- Dataset excerpt -
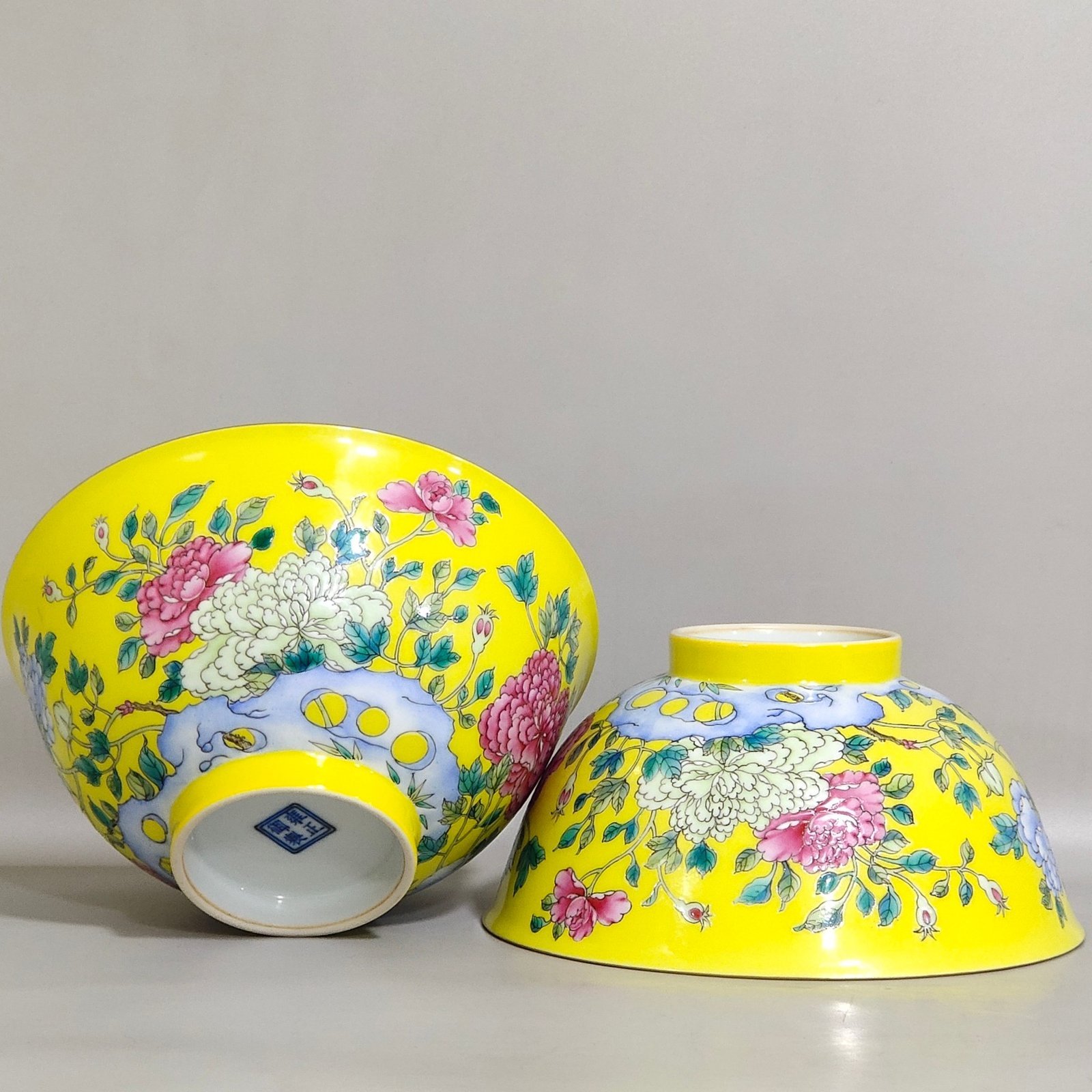 Qing Dynasty Yongzheng A lemon yellow glazed peony bowl made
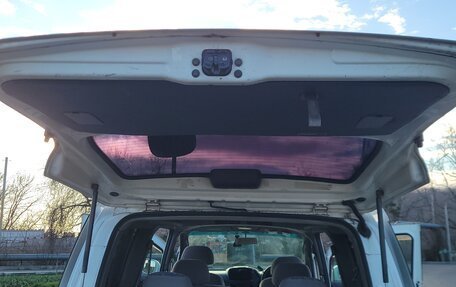 Nissan Serena II, 2001 год, 650 000 рублей, 11 фотография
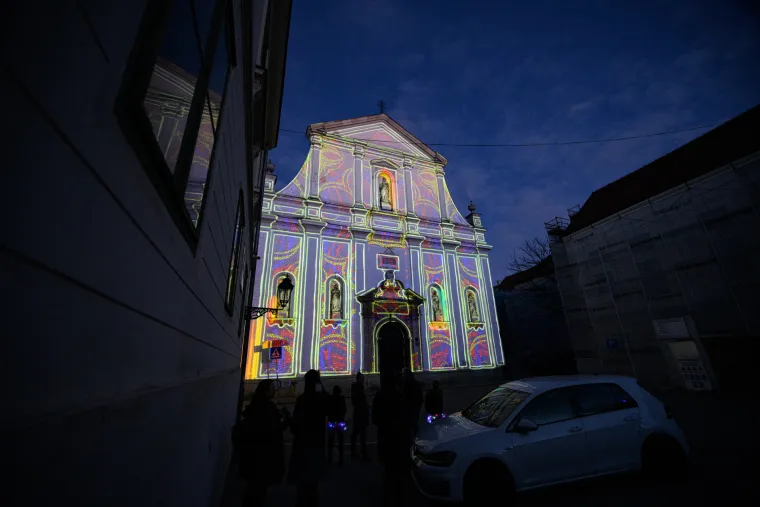 Crkva sv. Katarine: Doživite nevjerojatnu projekciju koja djeluje poput plesa transcendentalnih dimenzija i jakih kontrasta. Posebnost ovog spoja umjetnosti čini i glazbeni element u vidu epske elektronske glazbe bogate zvukovima koji će dodatno naglasiti atmosferičnost prostora i objekta. Pripremite se na nezaboravno iskustvo slika i boja uz fenomenalan zvuk koji zajedno kreiraju fluidnu i neočekivanu kombinaciju umjetnosti. Autor: Proteam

- Exercise -
Your task is to repeat exactly the lines from the one containing "Nissan Serena II, 2001" through the end of the material, both included, and only those, without pictures.

- Solution to this exercise -
 Nissan Serena II, 2001 год, 650 000 рублей, 11 фотография
 Crkva sv. Katarine: Doživite nevjerojatnu projekciju koja djeluje poput plesa transcendentalnih dimenzija i jakih kontrasta. Posebnost ovog spoja umjetnosti čini i glazbeni element u vidu epske elektronske glazbe bogate zvukovima koji će dodatno naglasiti atmosferičnost prostora i objekta. Pripremite se na nezaboravno iskustvo slika i boja uz fenomenalan zvuk koji zajedno kreiraju fluidnu i neočekivanu kombinaciju umjetnosti. Autor: Proteam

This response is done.